== Records ==

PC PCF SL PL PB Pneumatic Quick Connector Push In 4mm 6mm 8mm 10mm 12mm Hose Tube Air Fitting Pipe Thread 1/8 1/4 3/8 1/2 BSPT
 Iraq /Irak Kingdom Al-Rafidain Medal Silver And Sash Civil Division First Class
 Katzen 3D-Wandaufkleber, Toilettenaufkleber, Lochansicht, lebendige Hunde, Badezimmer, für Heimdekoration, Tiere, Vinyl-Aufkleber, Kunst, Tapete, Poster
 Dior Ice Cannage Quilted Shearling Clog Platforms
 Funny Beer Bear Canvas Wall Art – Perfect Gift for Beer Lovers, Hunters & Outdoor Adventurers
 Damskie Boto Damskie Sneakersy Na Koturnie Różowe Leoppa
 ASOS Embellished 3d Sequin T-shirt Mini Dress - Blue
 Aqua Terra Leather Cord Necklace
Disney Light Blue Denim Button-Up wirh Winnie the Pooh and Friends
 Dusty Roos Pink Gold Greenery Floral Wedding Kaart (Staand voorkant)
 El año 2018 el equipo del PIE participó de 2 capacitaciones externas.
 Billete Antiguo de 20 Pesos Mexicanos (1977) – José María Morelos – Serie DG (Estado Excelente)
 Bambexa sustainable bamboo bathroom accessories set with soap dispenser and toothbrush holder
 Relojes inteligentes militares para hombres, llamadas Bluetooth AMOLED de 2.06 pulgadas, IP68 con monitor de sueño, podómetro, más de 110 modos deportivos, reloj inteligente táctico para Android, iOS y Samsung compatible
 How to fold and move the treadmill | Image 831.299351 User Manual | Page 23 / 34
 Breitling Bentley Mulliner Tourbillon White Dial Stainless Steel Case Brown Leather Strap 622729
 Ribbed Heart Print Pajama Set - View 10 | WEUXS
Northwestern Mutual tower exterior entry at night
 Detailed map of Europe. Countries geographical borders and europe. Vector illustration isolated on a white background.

===

* Your instructions:
Would you reproduce the full listing without changing a single word?

* Reply to the exercise:
PC PCF SL PL PB Pneumatic Quick Connector Push In 4mm 6mm 8mm 10mm 12mm Hose Tube Air Fitting Pipe Thread 1/8 1/4 3/8 1/2 BSPT
 Iraq /Irak Kingdom Al-Rafidain Medal Silver And Sash Civil Division First Class
 Katzen 3D-Wandaufkleber, Toilettenaufkleber, Lochansicht, lebendige Hunde, Badezimmer, für Heimdekoration, Tiere, Vinyl-Aufkleber, Kunst, Tapete, Poster
 Dior Ice Cannage Quilted Shearling Clog Platforms
 Funny Beer Bear Canvas Wall Art – Perfect Gift for Beer Lovers, Hunters & Outdoor Adventurers
 Damskie Boto Damskie Sneakersy Na Koturnie Różowe Leoppa
 ASOS Embellished 3d Sequin T-shirt Mini Dress - Blue
 Aqua Terra Leather Cord Necklace
Disney Light Blue Denim Button-Up wirh Winnie the Pooh and Friends
 Dusty Roos Pink Gold Greenery Floral Wedding Kaart (Staand voorkant)
 El año 2018 el equipo del PIE participó de 2 capacitaciones externas.
 Billete Antiguo de 20 Pesos Mexicanos (1977) – José María Morelos – Serie DG (Estado Excelente)
 Bambexa sustainable bamboo bathroom accessories set with soap dispenser and toothbrush holder
 Relojes inteligentes militares para hombres, llamadas Bluetooth AMOLED de 2.06 pulgadas, IP68 con monitor de sueño, podómetro, más de 110 modos deportivos, reloj inteligente táctico para Android, iOS y Samsung compatible
 How to fold and move the treadmill | Image 831.299351 User Manual | Page 23 / 34
 Breitling Bentley Mulliner Tourbillon White Dial Stainless Steel Case Brown Leather Strap 622729
 Ribbed Heart Print Pajama Set - View 10 | WEUXS
Northwestern Mutual tower exterior entry at night
 Detailed map of Europe. Countries geographical borders and europe. Vector illustration isolated on a white background.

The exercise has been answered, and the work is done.